Part of Speech: Noun, mass (No plural)
Meaning: 1. Small animals, insects, and other pests that are a danger to human health, destructive or otherwise bothersome to humans. 2. Predators that prey on farm or game animals. 3. (Offensive) Disgustingly offensive, loathsome, or repulsive people.
Notes: Here is a term that is particularly disgusting when referring to human beings. It comes with three adjectives, verminous, verminly "like vermin" and verminy "infested with vermin". A fourth adjective, vermiform, refers only to worms. Vermin was mispronounced varmint so much in the western US that most dictionaries now carry that spelling as a separate word.
In Play: Any kind of animal or insect pest is liable to attract this label: "Roland found it hard to keep vermin like coyotes, foxes, and hawks away from his chickens." This is a term used often by authoritarians to turn one sector of society against the other: "We will root out the radical left thugs that live like vermin within the confines of our country."

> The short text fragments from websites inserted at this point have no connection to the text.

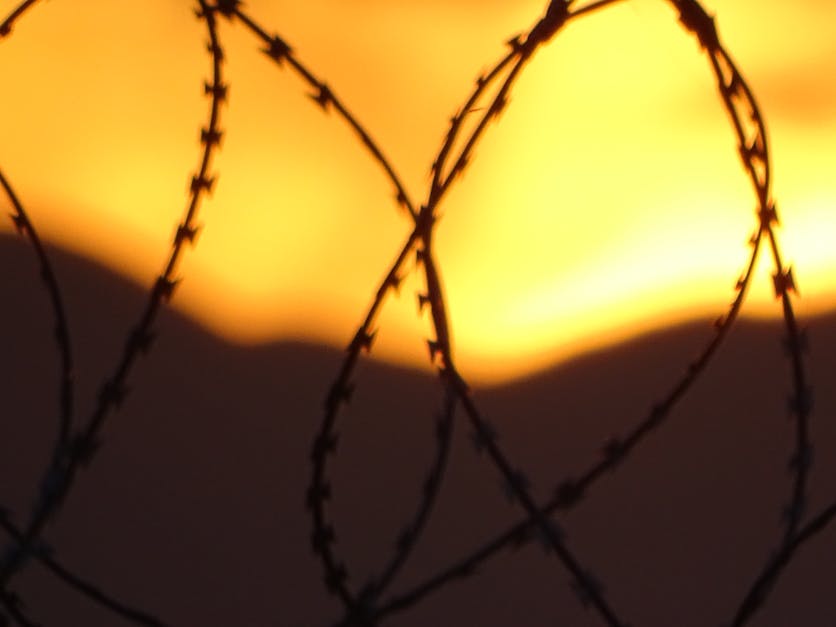 Free stock photo of barb wires, blurred background, dawn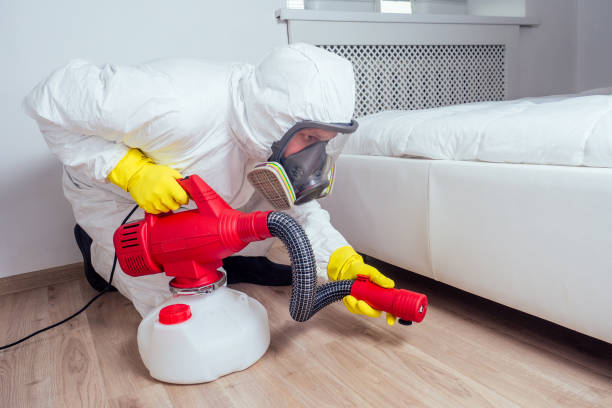 Best Affordable Pest Control Services  in Norton Shores, MI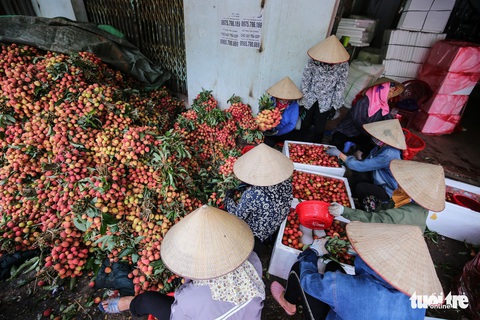 Vải Lục Ngạn đầu mùa đã rớt giá, chỉ còn 6.000-8.000đ/kg - Ảnh 11. Vải Lục Ngạn đầu mùa đã rớt giá, chỉ còn 6.000-8.000đ/kg - Ảnh 11.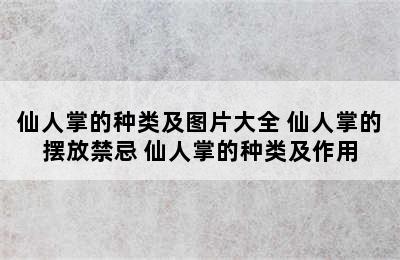 仙人掌的种类及图片大全 仙人掌的摆放禁忌 仙人掌的种类及作用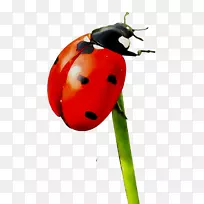 绘画瓢虫艺术博物馆标签昆虫-空若网 绘画瓢虫艺术博物馆标签昆虫-空若网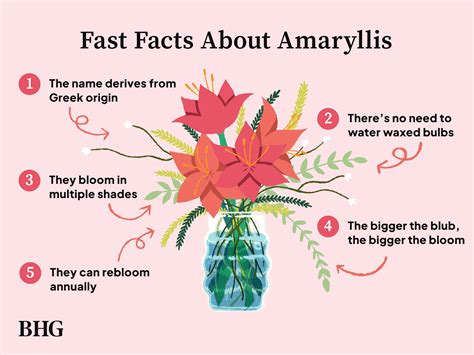 Amaryllis Facts That Make This Flower Even More Captivating 59 Off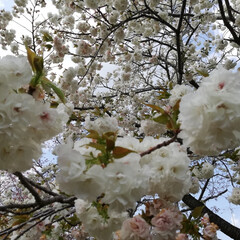 花見/公園巡り/桜/おでかけ ソメイヨシノの次に咲いた近所の桜！白い花…(1枚目)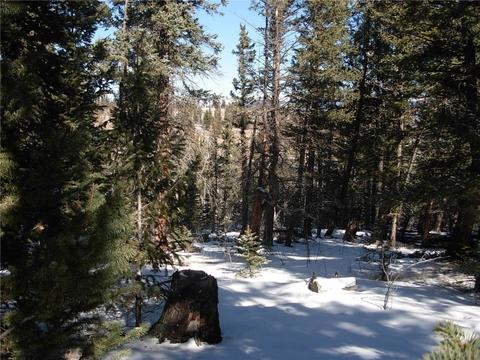 359 Mountain Vis, Como, CO 80432 photo 8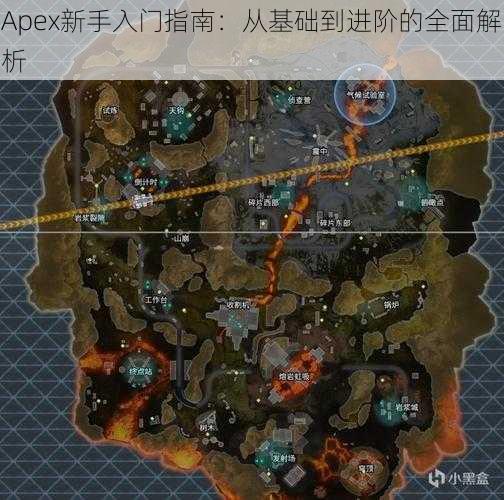 Apex新手入门指南：从基础到进阶的全面解析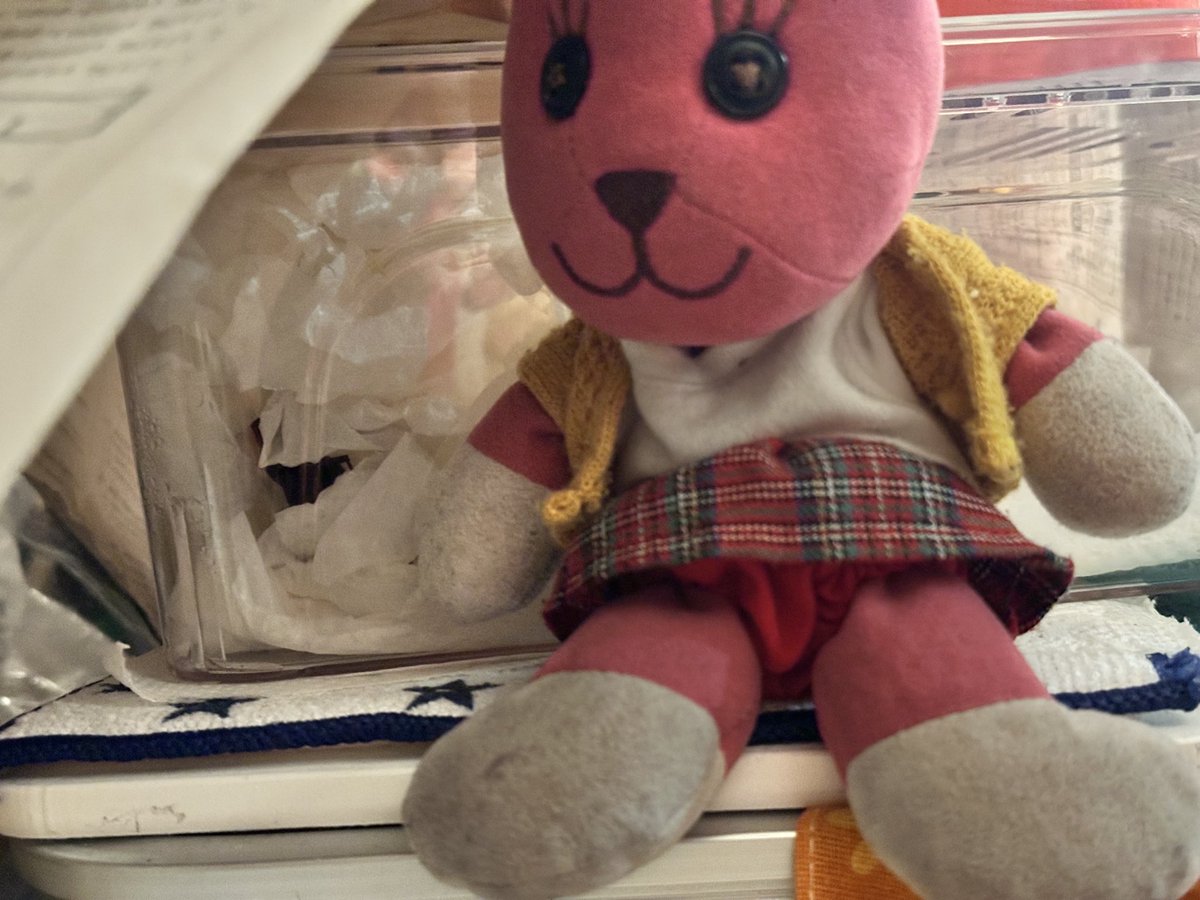 fukumiyarumi's tweet photo. Chinki has no appearance today! Where did she go?
by #Osekihan #Postpet #HappinessTeddyBear #PENTAXKS2 #Tokyo #PlushiePhotography #StagBeetle #Chinki https://t.co/cFgxk7Hdzl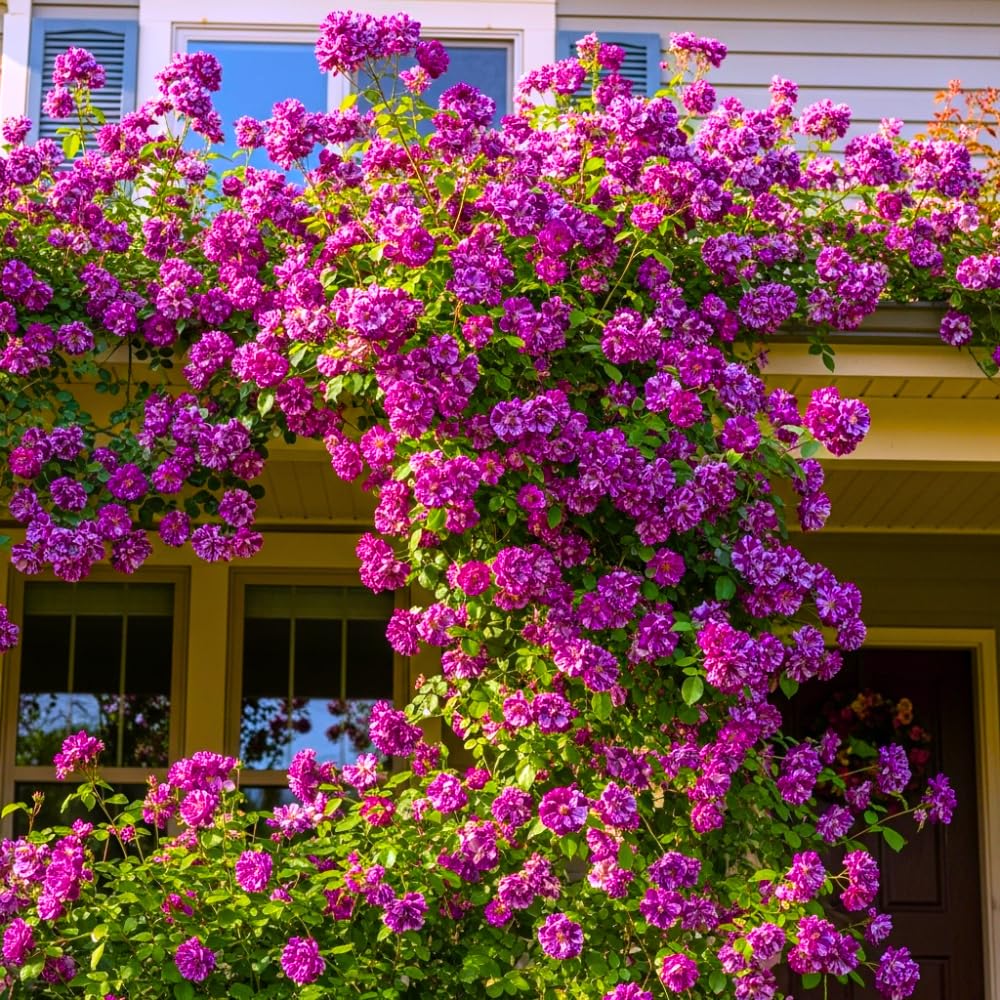6 Months Old Climbing Rose Live Plant, Well Rooted 5-9" Tall, No Leaf, Ready to Plant Indoor Outdoor, Climber Rose Bush, Hybrid Tea Rose Like, Very Fragrant, Long Bloomer (Purple Striped)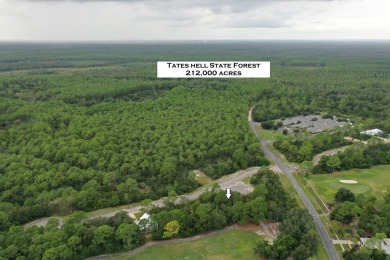 Great price on a building lot in St. James Bay Golf & Pickleball on St. James Bay in Florida - for sale on GolfHomes.com, golf home, golf lot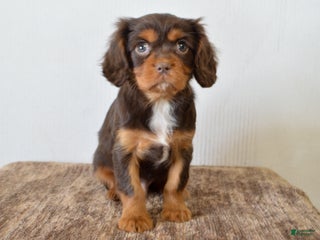 Cavalier King Charles Spaniel dogs Cally - Ad 16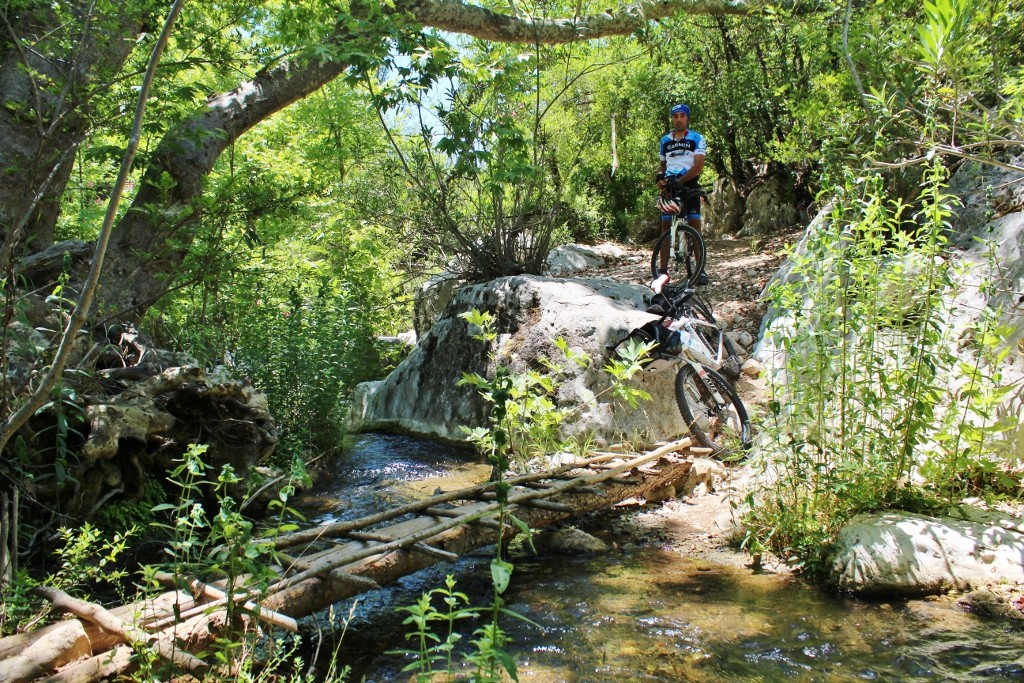 IMG_6978 (1024x683).jpg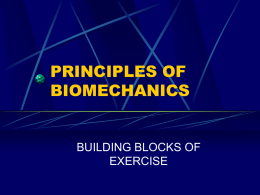 Seven Principles of Biomechanics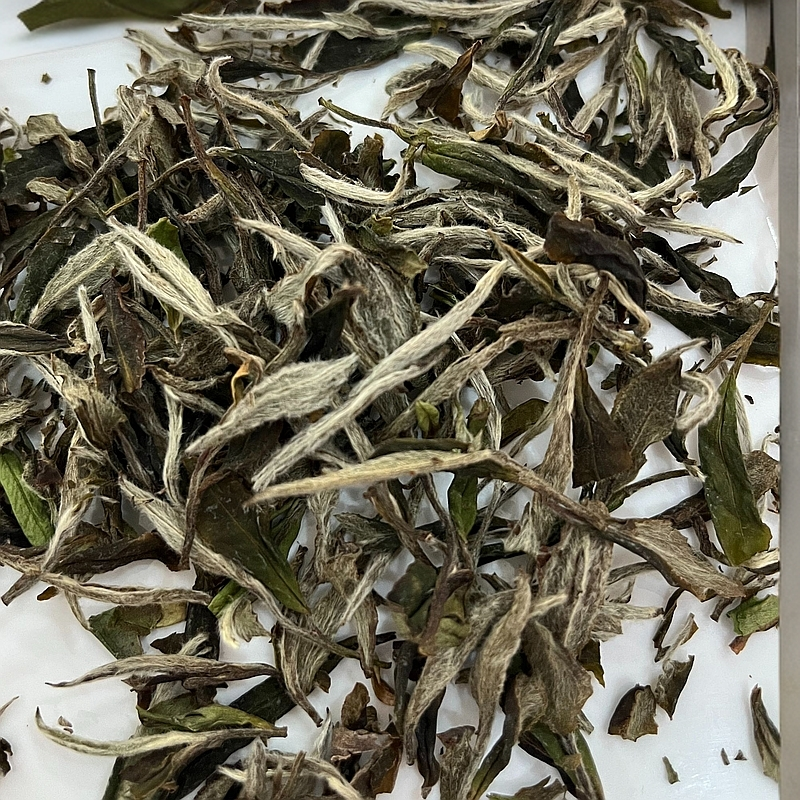 福鼎白茶/2022年兰花香/豪香/清甜鲜爽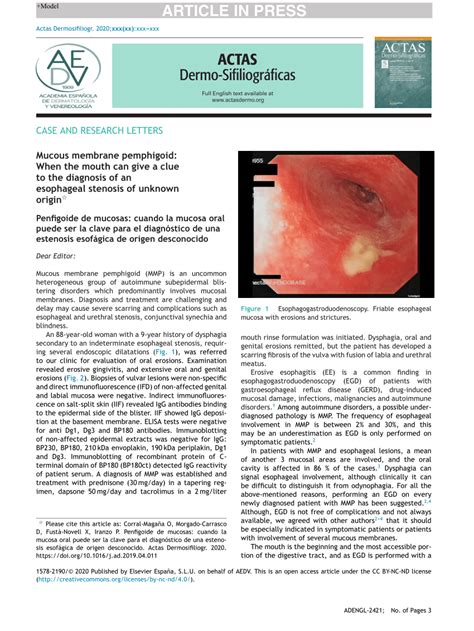 Pdf Mucous Membrane Pemphigoid When The Mouth Can Give A Clue To The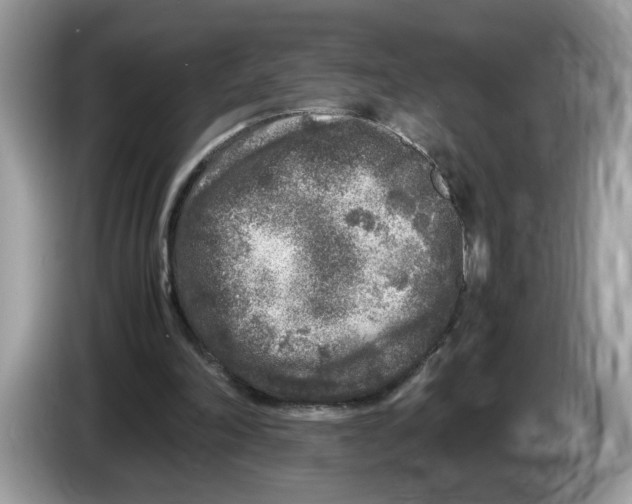 X0000086280198200704262043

Word History: Today's bad Good Word was nicked from Old French vermin "moth, worm, mite", which meant in the plural "troublesome insects". This word came from Vulgar (Street) Latin verminum, a collective noun (singular noun with plural reference) based on vermis "worm", which Latin inherited from PIE wer-m-/wor-m- "to turn, twist, bend". We find the workings of this PIE word in Dutch and English worm, Danish and Norwegian orm "worm", English -ward, as in forward, German werden "to become (turn into)" and Wurm "worm", Ukrainian Veresen' "September', Russian vertet' "to turn", Serbian vrteti "to spin", Lithuanian versti "to (over)turn, translate", Breton gwer "green" (from a dye made from worms), and Welsh gwyrdd "green".